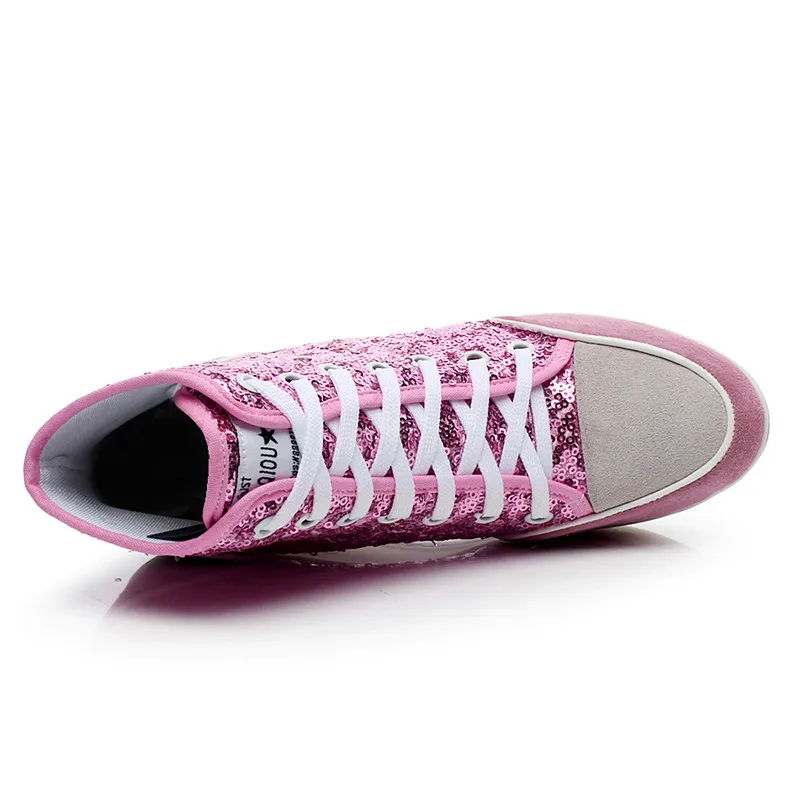 Женские туфли с блестками розовые повседневные спортивные на танкетке Размеры 35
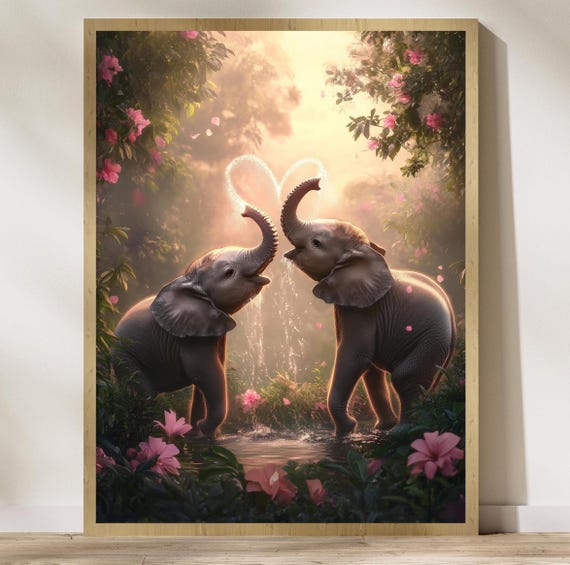Pink Floral Elephant Art Valentines Day Wall Decor Cute Elephant Couple Wall Art Valentines Day Gift Valentines Day Art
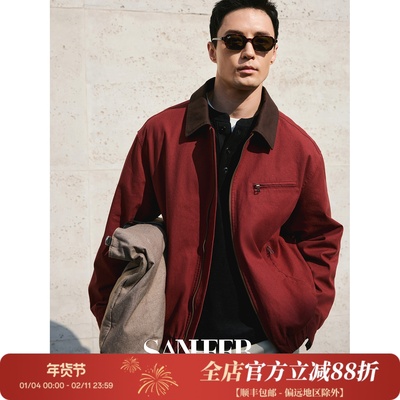 重磅纯棉珠帆布底特律工装款夹克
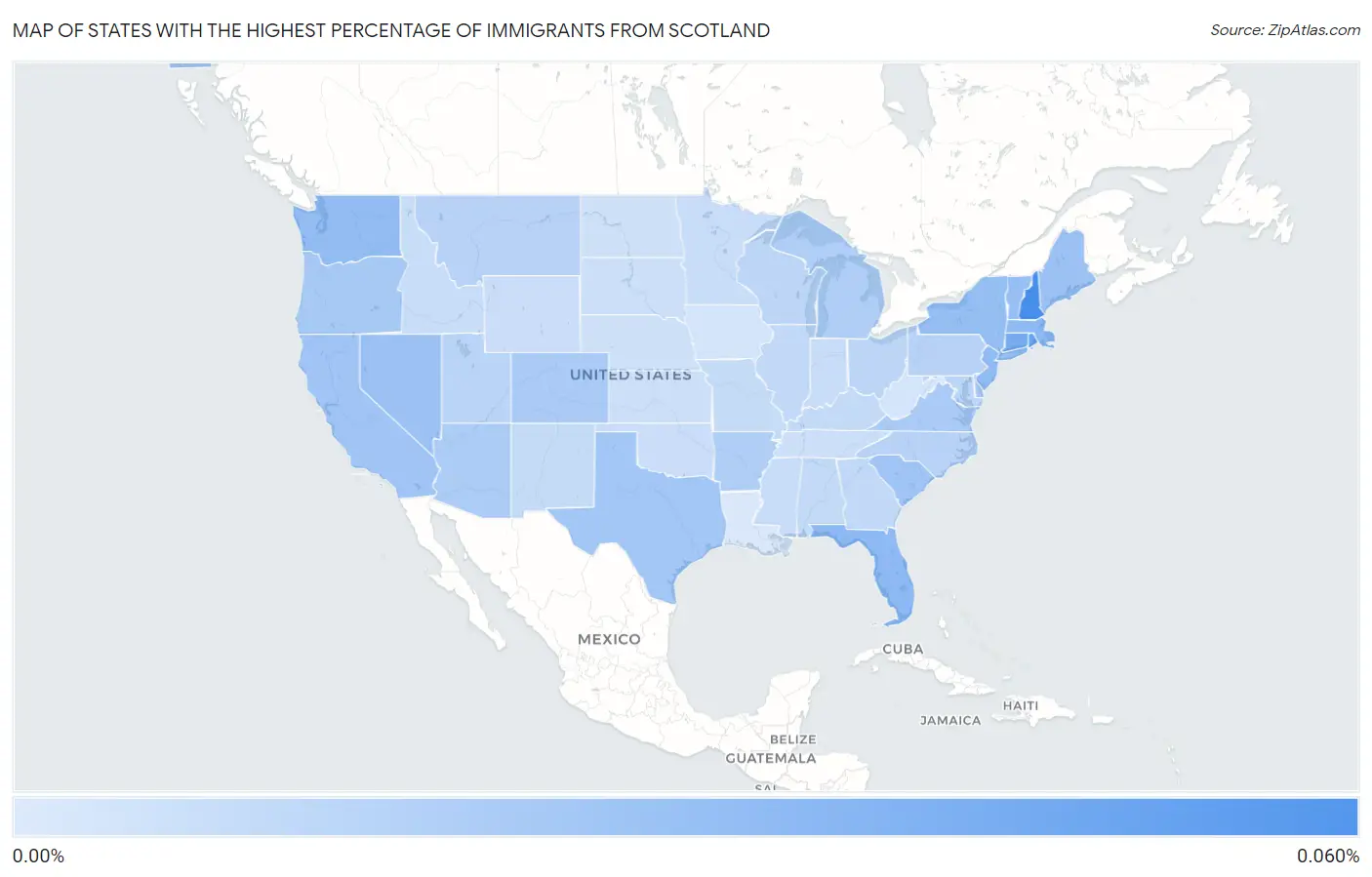 States with the Highest Percentage of Immigrants from Scotland in the United States Map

----------

_What you are asked to do_. Would you transcribe the whole listing above exactly? The pictures should not be included.

_Result of the task_.
 Женские туфли с блестками розовые повседневные спортивные на танкетке Размеры 35
Pink Floral Elephant Art Valentines Day Wall Decor Cute Elephant Couple Wall Art Valentines Day Gift Valentines Day Art
 重磅纯棉珠帆布底特律工装款夹克
 States with the Highest Percentage of Immigrants from Scotland in the United States Map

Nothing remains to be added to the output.